- Problem description:
Omit the images. Copy each entry word for word.

——————————

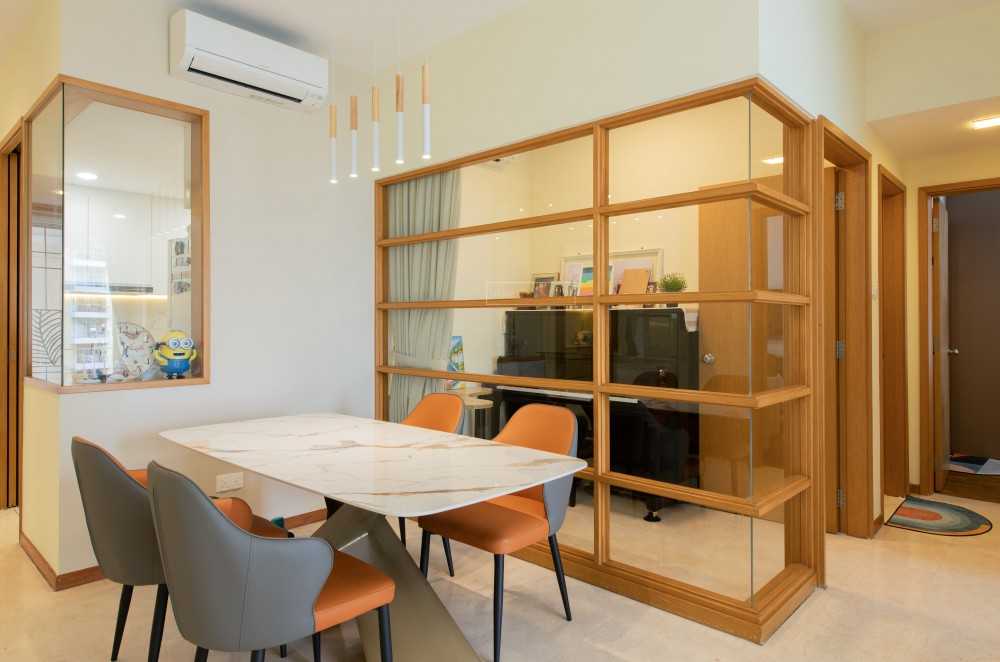 Contemporary Dining Room with Dining Table and Dining Chairs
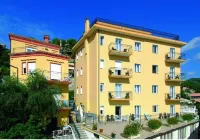 Hotel Tritone Hotel a Marina di Andora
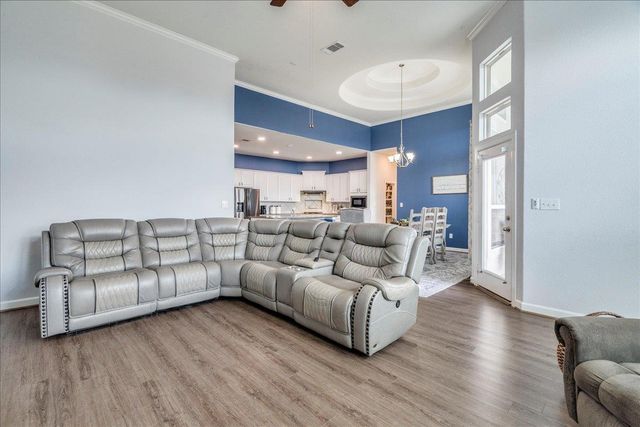 623 Baretta LOOP, Buda, TX 78610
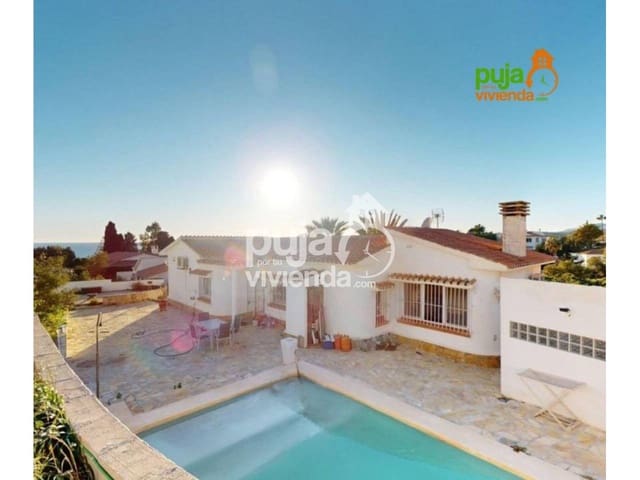4 Zimmer Villa zu verkaufen in Vélez-Málaga mit Pool Garage - 635.000 € (Ref: 9547482)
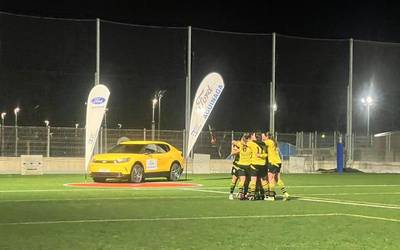Partida garrantzitsua jokatuko dute gaur etxean Orioko Futbol Taldeko neskek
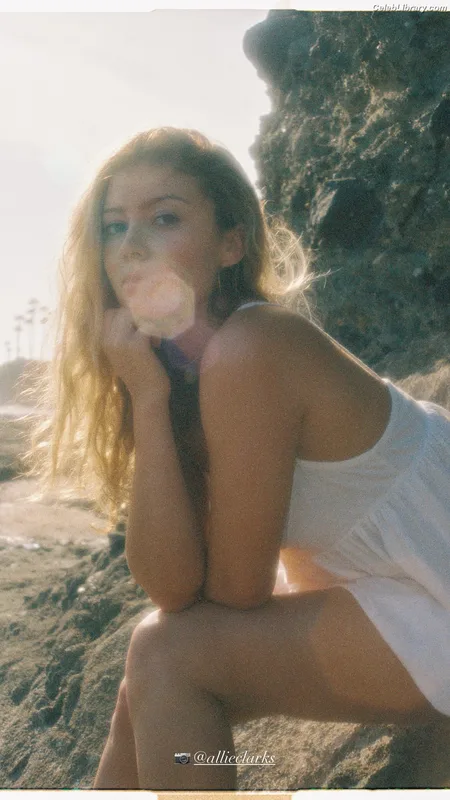 Genevieve Hannelius photo 9 of 313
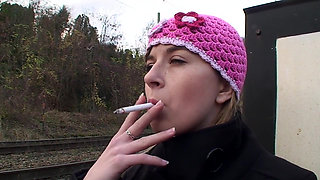 Teen slut rewarded by gilf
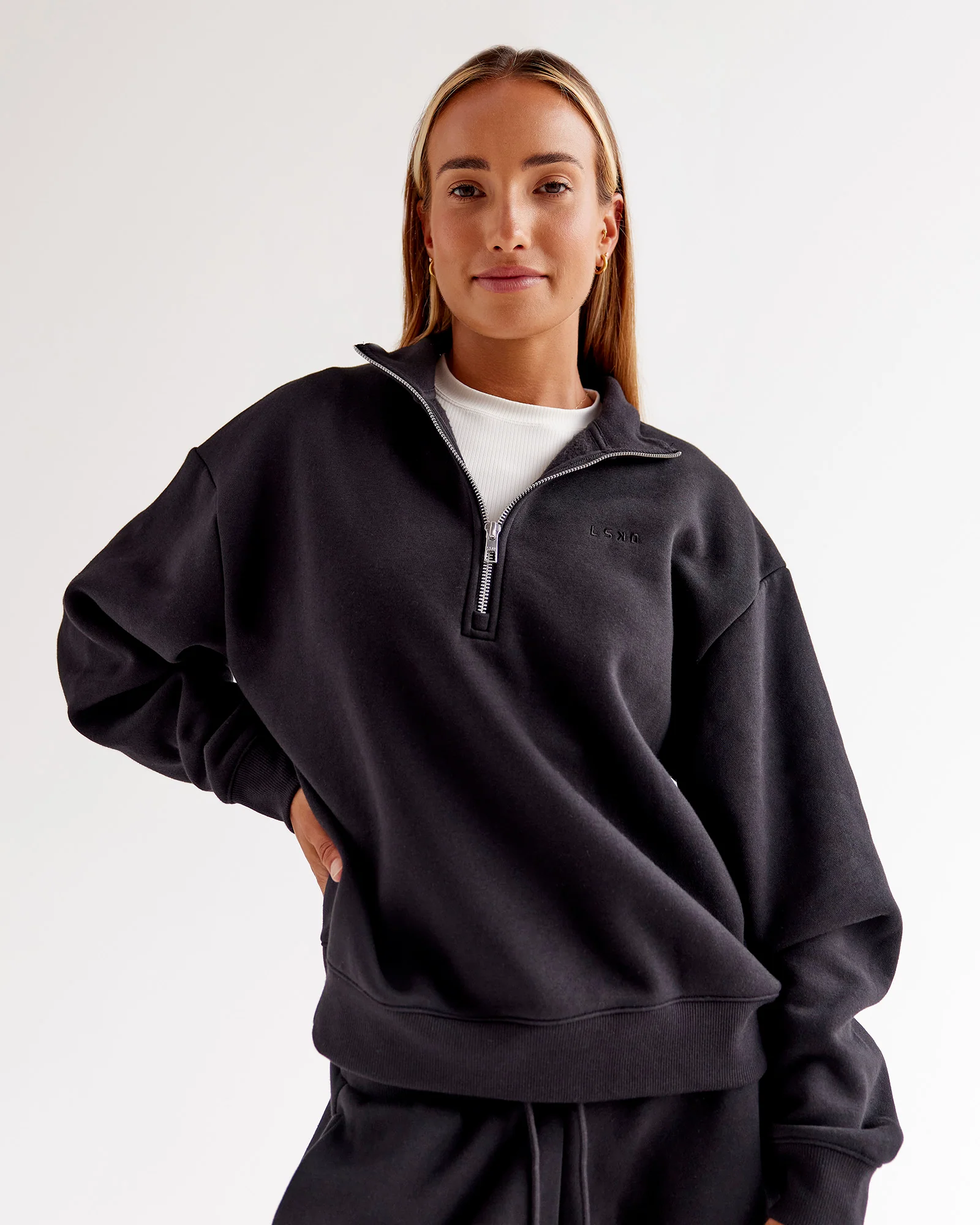 3626-go-to-oversized-quarter-zip-sweater-black-1.webp Go-To Oversized Quarter Zip Sweater - Black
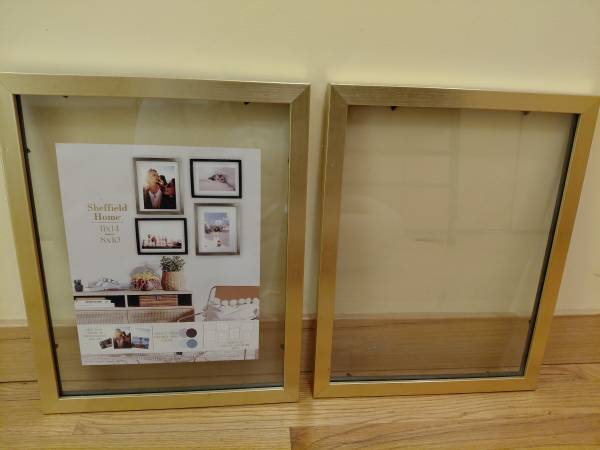 Gold metal photo frames 1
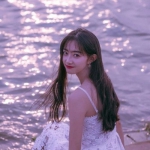 2024高清清新意境女头图片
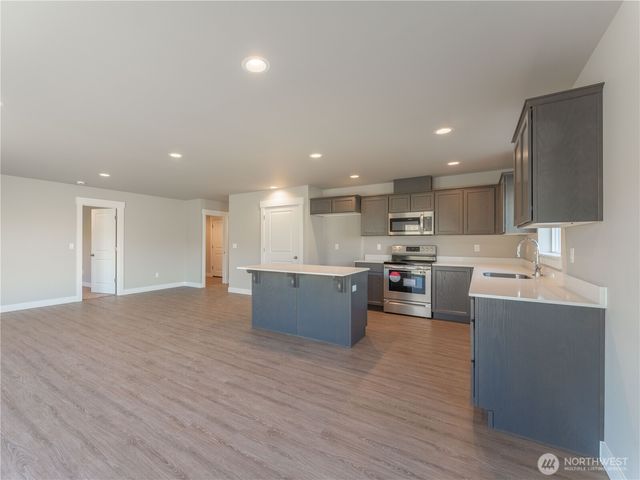 138 Salmon Drive, Wenatchee, WA 98801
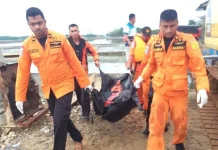 Hilang Semalaman Remaja Ini, Malah Ditemukan Tenggelam di Teluk Kendari Hilang Semalaman Remaja Ini, Malah Ditemukan Tenggelam di Teluk Kendari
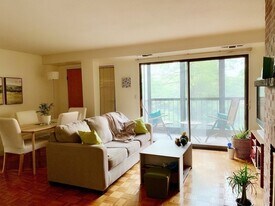 1580 Massachusetts Ave, Unit 5G in Cambridge, MA - Building Photo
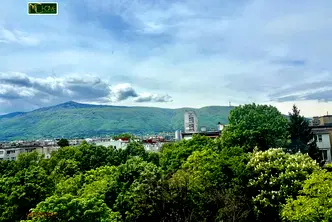 Тристаен апартамент с панорама към Витоша в Борово, София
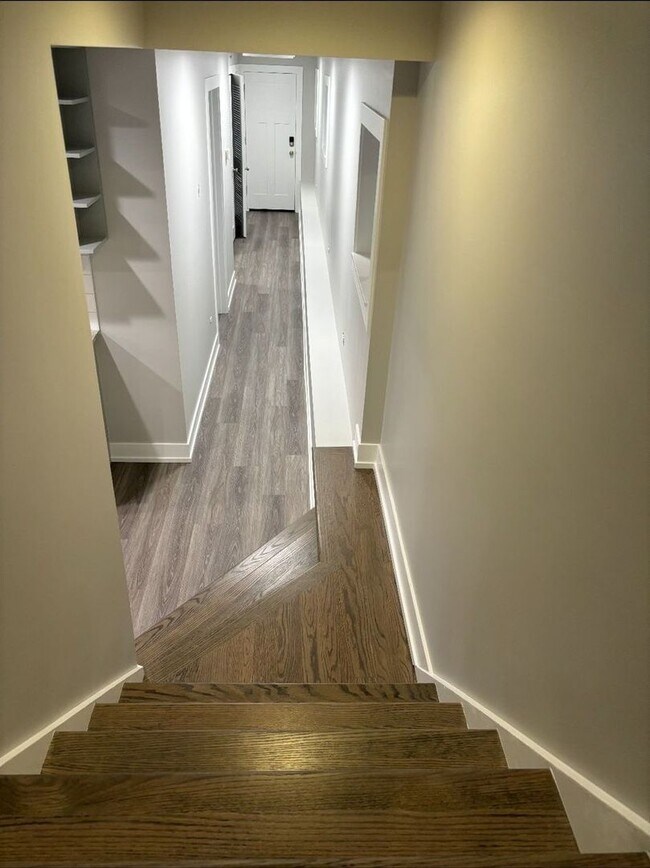 Foto del edificio - 3640 N Troy St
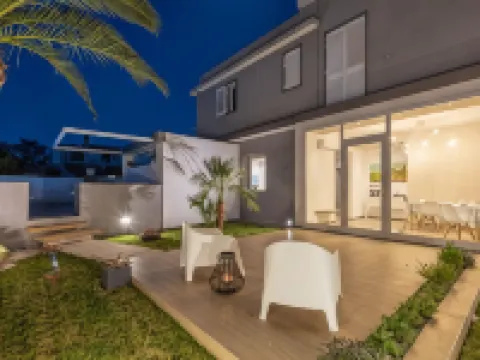 アウリエンツィア ラグーザのホテル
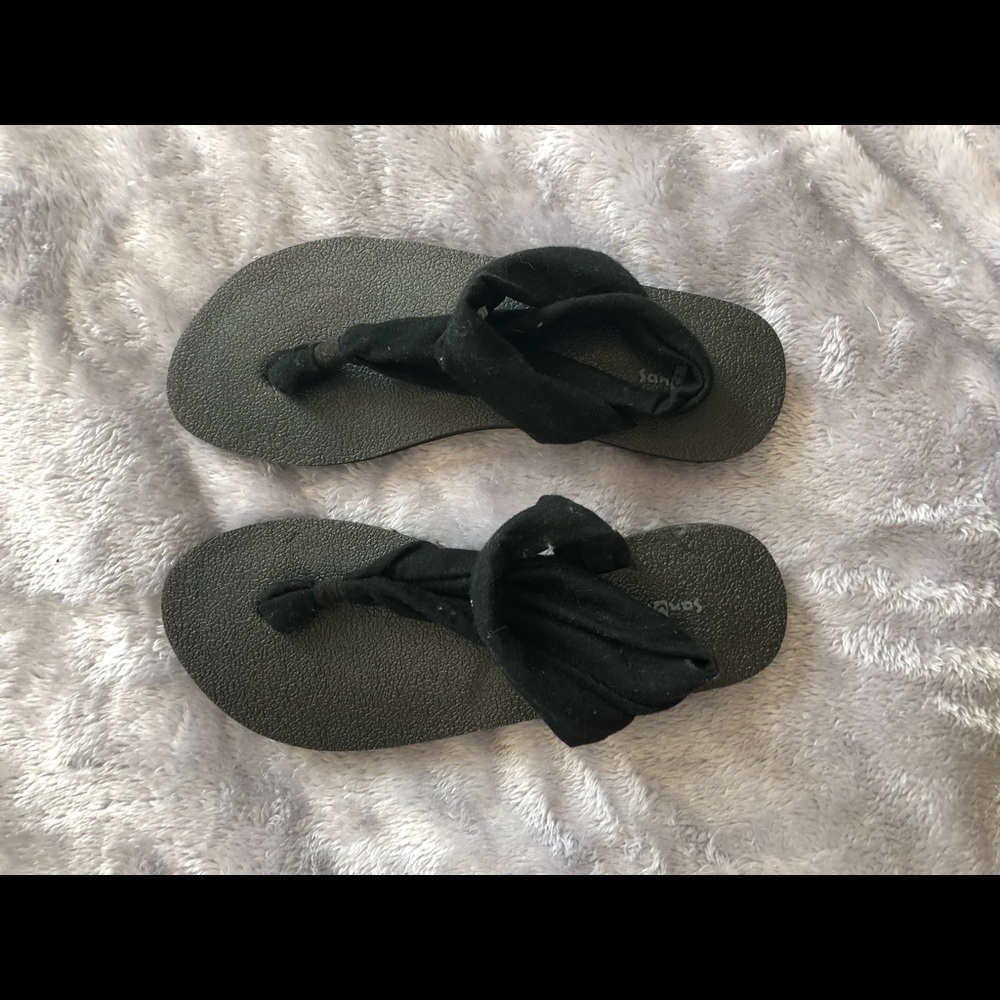 Black Sanuk’s size 7.5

——————————

- Expected answer:
 Contemporary Dining Room with Dining Table and Dining Chairs
 Hotel Tritone Hotel a Marina di Andora
 623 Baretta LOOP, Buda, TX 78610
4 Zimmer Villa zu verkaufen in Vélez-Málaga mit Pool Garage - 635.000 € (Ref: 9547482)
Partida garrantzitsua jokatuko dute gaur etxean Orioko Futbol Taldeko neskek
 Genevieve Hannelius photo 9 of 313
 Teen slut rewarded by gilf
 3626-go-to-oversized-quarter-zip-sweater-black-1.webp Go-To Oversized Quarter Zip Sweater - Black
 Gold metal photo frames 1
 2024高清清新意境女头图片
 138 Salmon Drive, Wenatchee, WA 98801
 Hilang Semalaman Remaja Ini, Malah Ditemukan Tenggelam di Teluk Kendari Hilang Semalaman Remaja Ini, Malah Ditemukan Tenggelam di Teluk Kendari
 1580 Massachusetts Ave, Unit 5G in Cambridge, MA - Building Photo
 Тристаен апартамент с панорама към Витоша в Борово, София
 Foto del edificio - 3640 N Troy St
 アウリエンツィア ラグーザのホテル
 Black Sanuk’s size 7.5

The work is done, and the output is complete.